What is expected: Each line of the material must be repeated precisely, with the pictures left out.

Recorded data:
══════════
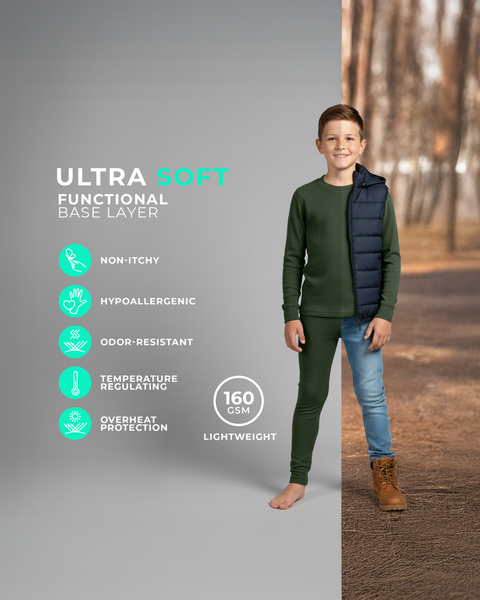 A boy wearing a dark green long-sleeve base layer top and matching leggings, standing barefoot against a split background showing both a studio setting and an outdoor fall scene. Icons on the left highlight features such as non-itchy, hypoallergenic, odor-resistant, temperature regulating, and lightweight 160 GSM fabric.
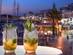 A view of two cocktails by a marina with a blurred background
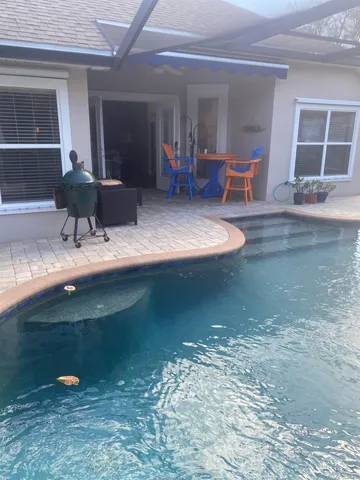 a view of a house with backyard porch and sitting area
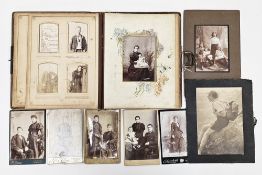 Victorian brown leather CDV photograph album, partly filled with black and white family photographic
══════════
Result:
 A boy wearing a dark green long-sleeve base layer top and matching leggings, standing barefoot against a split background showing both a studio setting and an outdoor fall scene. Icons on the left highlight features such as non-itchy, hypoallergenic, odor-resistant, temperature regulating, and lightweight 160 GSM fabric.
 A view of two cocktails by a marina with a blurred background
 a view of a house with backyard porch and sitting area
 Victorian brown leather CDV photograph album, partly filled with black and white family photographic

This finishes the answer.